The Cerro Zacatépetl is well-known by sight, if not by name, especially by passing motorists on the Periférico highway. The hill has a long history. Today though, it marks the southern limits of the University City and especially the Pedregal de San Ángel Ecological Reserve. The hill has a terrific long history. But it’s not generally accessible to the public.
The Nahuatl name means “hill of the dry grass.” Grass is associated with Tlaltecutli, goddess of the Earth, and with hair made of grass. But the hill was also known, in ancient times, as Ixillan Tonan, meaning “womb of our Mother.” According to some legends, it thus provided some of the inspiration for the Templo Mayor of ancient Tenochtitlan. In mythology, it was the hill where Huitzilopochtli, the patron of the Mexica people, was conceived.
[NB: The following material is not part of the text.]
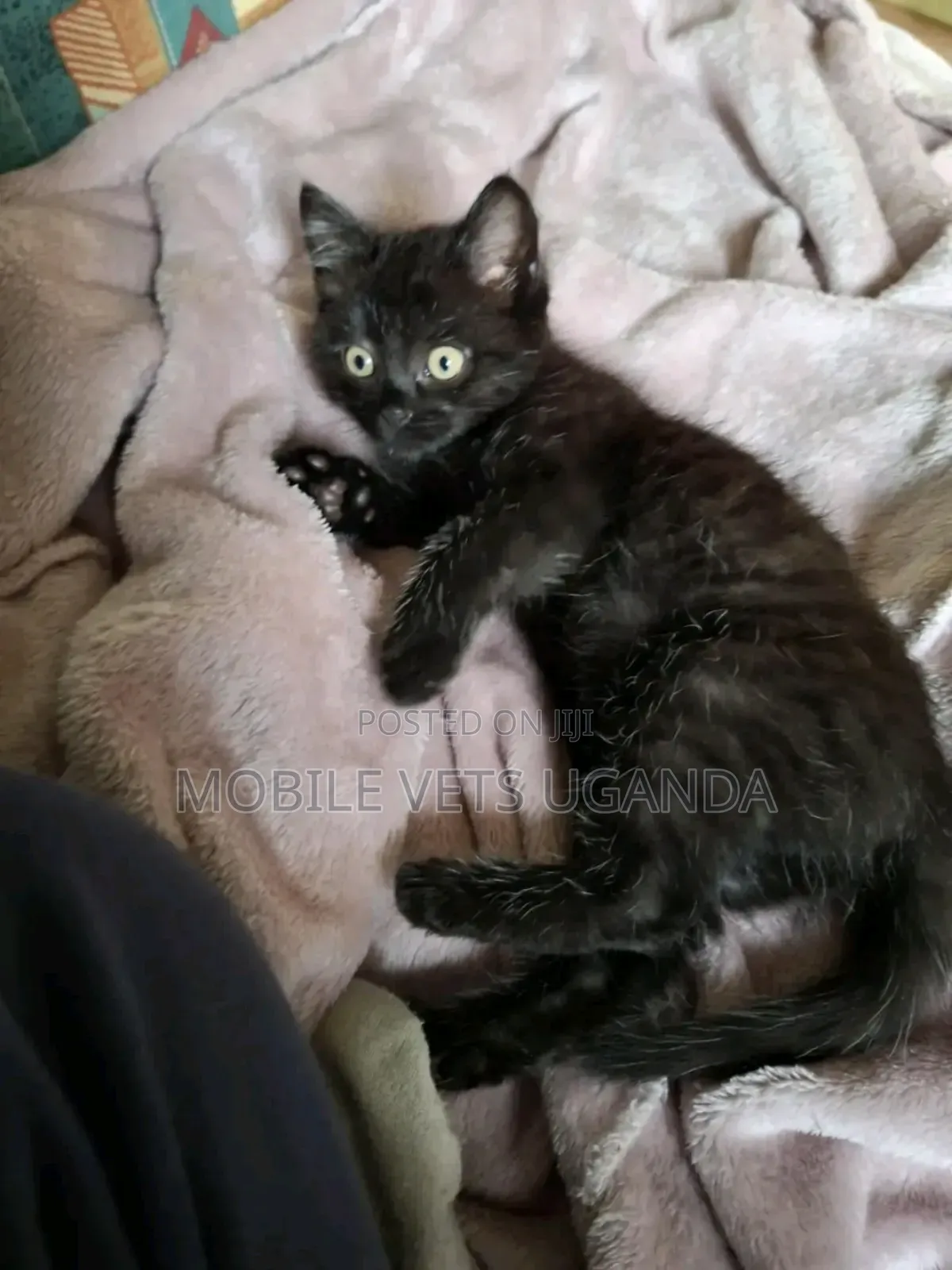 1-3 months Female Purebred Cornish Rex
For some 500 years ago, it was part of a ritual hunting ground. It’s place in Mesoamerican myth and legend is extensive. It was surveyed in the 1930s and again in 1972. Known to be of some archaeological interest, it’s off limits to the general public.
In the 1930s, two pyramids were found. One has a height of six meters, and the other five meters high. These are connected by a road about 105 meters in length. There is also a third smaller temple. Since then though, the site has never been excavated. It’s thought to be of particular importance because of the high altitude. Lower elevation sites like Cuicuilco and Copilco were nearly entirely obliterated by the third century CE eruptions of the Xitle volcano. Zacatépetl may hold secrets to even those important earlier civilizations.
Today, the Cerro Zacatépetl provides a mere backdrop for passersby on the Periférico highway. But it’s been more than a backdrop for most of its history.